Il mentoring, al pari di altri strumenti (es. coaching) costituisce un interessante strumento di formazione. Ma il suo scopo va oltre. Esso, infatti, non si limita ad ampliare le conoscenze del mentee, ma ne permette anche la sua integrazione (e crescita) all’interno della cultura e dell’organizzazione.

Il mentoring diventa così anche un interessante strumento di organizzazione aziendale e di gestione delle risorse umane, garantendo un rafforzamento della cultura aziendale, l’individuazione di figure di back-up di risorse chiave, un miglior collegamento tra le varie funzioni aziendali, una miglior condivisione delle informazioni, l’incremento delle motivazioni (e quindi anche della performance) delle risorse, etc.

Quindi mentoring può divenire sinonimo di crescita sia del mentee che dell’azienda.

Tuttavia il mentoring non esaurisce qui le proprie potenzialità. Nel concludere vale infatti la pena soffermarsi, anche su come il mentoring possa divenire un interessante strumento per la gestione del processo di “invecchiamento” della forza lavoro.

In base allo studio del 2015 effettuato dall’Osservatorio Randstad sull’active ageing (coordinato dal professor Tiziano Treu) le aziende sono sempre più sensibili al trend di invecchiamento della propria forza lavoro. Nel 2033, in base a tale studio, 1/3 della forza lavoro sarà “over 50”. Aziende quali Philips, Bosch, Axa ed altre hanno già avviato policy per la gestione del fenomeno, tra cui anche il mentoring.
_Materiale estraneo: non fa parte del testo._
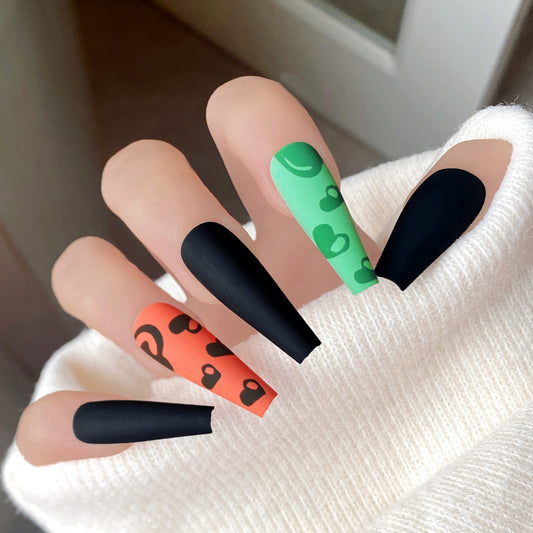 Wild Style Extra Long Coffin Matte Black Orange and Green Press On Nail Set with Heart and Leopard Print Designs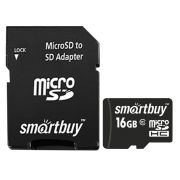 Карта памяти SmartBuy MicroSDHC 16GB UHS-1, Class 10, скорость чтения 30Мб/сек (c адаптером SD)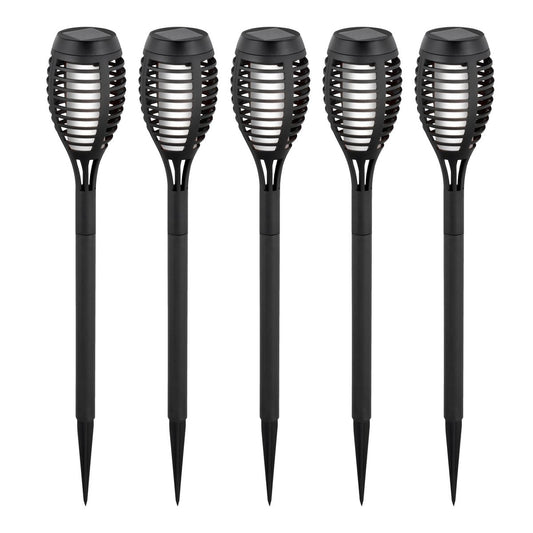 5 Set LED -aarde spies "Torch" 45 cm gemaakt van grijs plastic, met geïntegreerd LED, zonnelampje voor buiten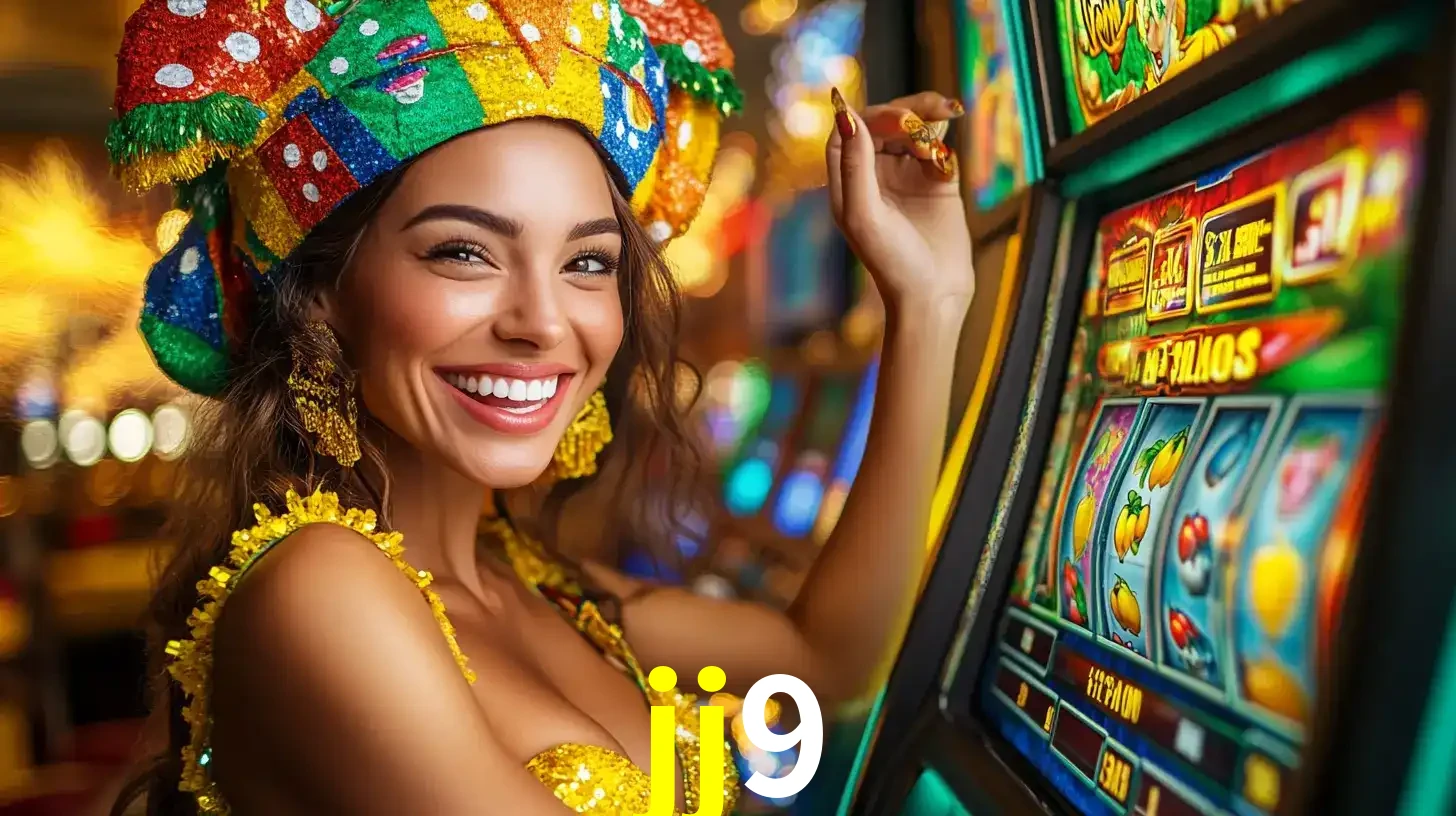 Mulher feliz com traje de carnaval amarelo e colorido ao lado de uma máquina de caça-níqueis, aproveitando a diversão e os jogos temáticos do cassino jj9.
Infatti, se rivolto in modo specifico a lavoratori “senior” il mentoring può avere una doppia valenza. L’obiettivo, in questo caso, è si quello di abbinare talenti (spesso under 30), con una persona senior, dotata di esperienza consolidata, per favorire un processo di knowledge sharing ma anche per individuare un nuovo ruolo per la persona senior che si sentirà gratificata, generando in questo modo un maggior coinvolgimento e livelli di motivazione al lavoro più elevati.